用紙を片手に、さっそく本棚を回ることにしました。こうした企画に応募する際、自分の読書記録などを見て考える人もいると思いますが、私の場合は図書館の本棚を回ります。すると、いろいろな本を見るうちに、「そういえば、読んで面白かったあの本がいいのでは」と思い付きます。たくさんの本を見ることで、自分の読書の記憶を呼び起こすような感じです。
まずは、楽しい本をターゲットに、大衆演芸の棚を見てみましたが、これぞという本が見つからず。そのまま歩いていると、スポーツの棚で自転車関連本が目に留まり、ロードバイクの爽快感が描かれている小説を思い出しました。爽快で楽しいというのもありだと思って、効能Aに合う本としてその本を応募することにし、更にいい本がないかとまた本棚をさまよいはじめます。
応募用紙の説明にあった「小説やエッセイ、写真集やガイドブック、児童書も大歓迎!」という文を読んで、写真集だったら、まだ見たことがない本でも、今この場で見ていいと思えばお薦めできると思い、写真集の棚を物色してみました。そこではピンとくるものがなかったのですが、綺麗な青空の写真が表紙になっている詩集を思い出し、それをお薦めすることに。この詩集は、私は読むたびに涙が出てしまうのですが、「泣ける」を売り文句にするのは安っぽい気がして、(Dのテーマを考えた職員さんには申し訳ないけど)Dにはしたくない。そこで、書き手と中身のギャップに焦点を当てて、Cの本として応募することに決めました。

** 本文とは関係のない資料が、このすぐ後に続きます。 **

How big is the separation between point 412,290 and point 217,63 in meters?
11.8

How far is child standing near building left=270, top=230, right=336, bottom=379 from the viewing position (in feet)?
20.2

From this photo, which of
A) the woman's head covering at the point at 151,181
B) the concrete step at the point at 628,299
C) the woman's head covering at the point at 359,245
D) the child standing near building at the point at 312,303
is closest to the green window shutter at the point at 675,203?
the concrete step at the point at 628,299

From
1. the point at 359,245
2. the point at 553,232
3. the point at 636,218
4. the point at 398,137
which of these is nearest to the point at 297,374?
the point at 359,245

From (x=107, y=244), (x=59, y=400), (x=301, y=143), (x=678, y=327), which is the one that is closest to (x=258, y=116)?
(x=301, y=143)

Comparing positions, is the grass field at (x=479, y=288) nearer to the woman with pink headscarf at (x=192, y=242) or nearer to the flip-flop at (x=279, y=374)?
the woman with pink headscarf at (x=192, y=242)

AとCにお薦めする本ができたので、BとDも埋めたいところ。Dは私のひねくれ精神によってお薦め本が見つけられなさそうなので、Bを求めて更に本を見ていきます。ここまで3階の書架を中心に見てきたので、気分を変えて4階へ。府中市立中央図書館は3階と4階に書架が分かれており、文学・芸術・スポーツ・手芸・料理・工学・産業・児童などが3階、総記・哲学・歴史・地理・社会科学・自然科学・地域資料などが4階です。
モチベーションを上げるというテーマで、自己啓発の本などでは直球すぎてつまらないし…など考えながら歩くうちに、破天荒な生き方をしている人の伝記でいいのがあるかもと思いつき、伝記の棚に行ってみました。そして、破天荒とは少し違うけど、余命宣告を受けてからの人生を生き切ったと言える人の自伝を見つけ、モチベーションがないとか言っている場合ではない状況になった人の本を読むことが刺激になるだろうと、この本を応募することに決めました。私はこの人と同い年なので、特に感じ入るところが多かったのですが、違う世代の人にも伝わるはず。

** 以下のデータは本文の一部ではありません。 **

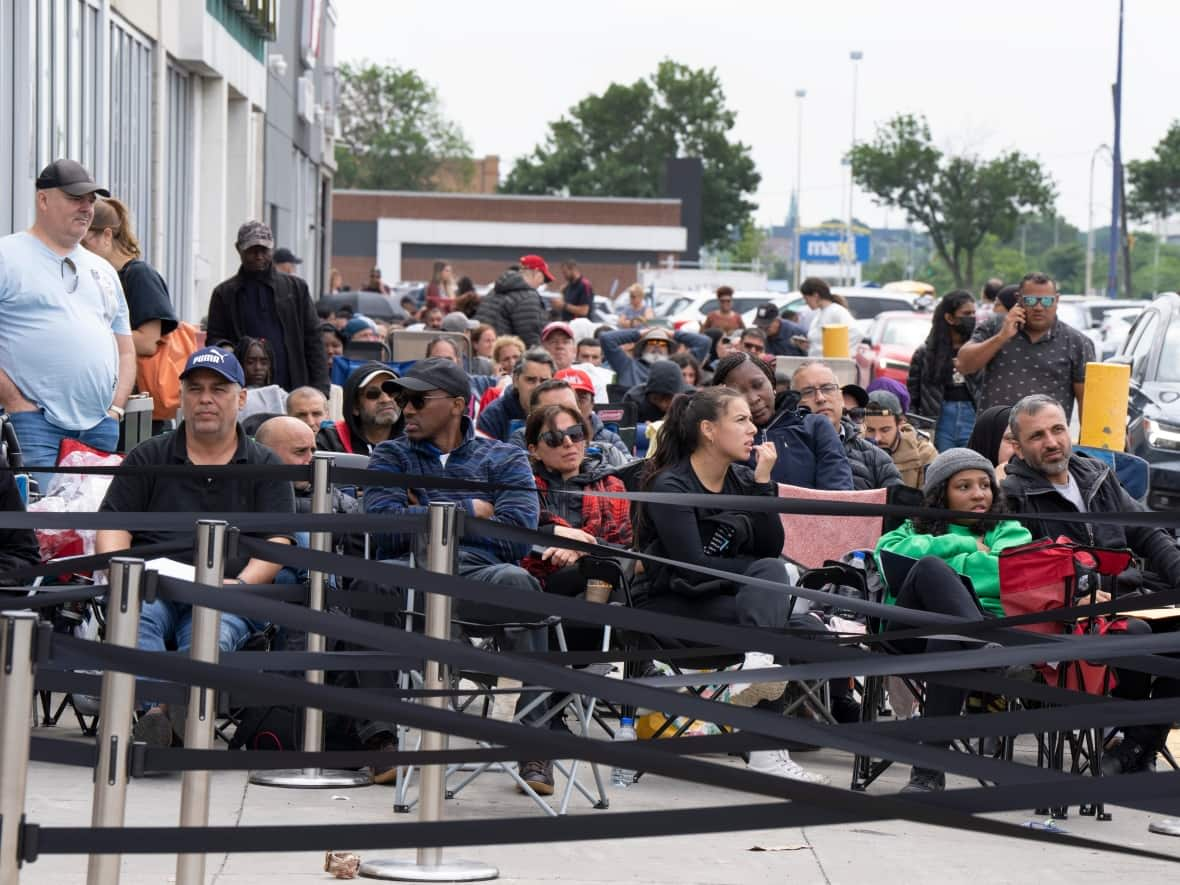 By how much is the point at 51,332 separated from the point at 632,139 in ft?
378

その後、笑い泣きしてしまうくらい笑える本が思いついたらDに投稿しようと、もう少し粘って見ましたが、どうもいいのが思い浮かばす、この3冊を投稿してきました。応募用紙は1枚で1冊を応募するようになっているので、3枚書いて投稿です。
応募期間の9月下旬までというのが具体的にいつまでなのかはわかりませんが、9月30日だって下旬の範囲内。9月以内なら応募用紙が撤収されていても職員さんに言えば出してもらえるかもしれません。自分も誰かにお薦めしたい本があるという人は、ぜひ応募してみてはいかがでしょう。
こうして集めた「処方箋」を展示して借りられるようになるのが10月14日。「使用方法」に書かれたコメントをもとに、中身を想像しながら自分の好みに合いそうな処方箋を選ぶのも楽しそう。展示資料が全て貸し出されたら企画終了なので、借りてみたい方はお早めに。

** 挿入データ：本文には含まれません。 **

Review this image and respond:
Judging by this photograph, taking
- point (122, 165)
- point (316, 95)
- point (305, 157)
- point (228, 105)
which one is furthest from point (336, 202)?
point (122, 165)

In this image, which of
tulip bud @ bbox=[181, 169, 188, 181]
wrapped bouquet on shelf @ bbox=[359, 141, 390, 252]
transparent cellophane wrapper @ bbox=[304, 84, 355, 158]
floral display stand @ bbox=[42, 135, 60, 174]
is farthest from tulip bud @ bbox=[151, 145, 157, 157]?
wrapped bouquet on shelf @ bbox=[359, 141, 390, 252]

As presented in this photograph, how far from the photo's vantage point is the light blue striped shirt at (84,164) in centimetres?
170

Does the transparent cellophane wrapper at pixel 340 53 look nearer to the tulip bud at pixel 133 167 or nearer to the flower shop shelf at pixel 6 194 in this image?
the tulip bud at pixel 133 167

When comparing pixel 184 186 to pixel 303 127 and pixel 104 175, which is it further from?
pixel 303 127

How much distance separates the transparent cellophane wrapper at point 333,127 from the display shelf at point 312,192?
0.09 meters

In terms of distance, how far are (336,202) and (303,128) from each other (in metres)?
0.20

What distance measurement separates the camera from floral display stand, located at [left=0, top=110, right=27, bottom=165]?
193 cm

この貸出開始日は府中市が定めている市民文化の日(10月の第2日曜)にあたり、府中の森芸術劇場など市内の他の施設でも、この日を中心にイベントが開催されます。図書館でも、この「本の処方箋」のほか、「みんなでつくる!お気に入り時代小説・歴史小説年表」という企画を開催する予定で、こちらも利用者から、お薦め本とその年代の投稿を募集しています。私は時代・歴史小説に詳しくなく、こちらは参加しませんでしたが、10月14日19時まで投稿を募集、それをもとにした年表は10月14日から11月初旬まで展示するそう。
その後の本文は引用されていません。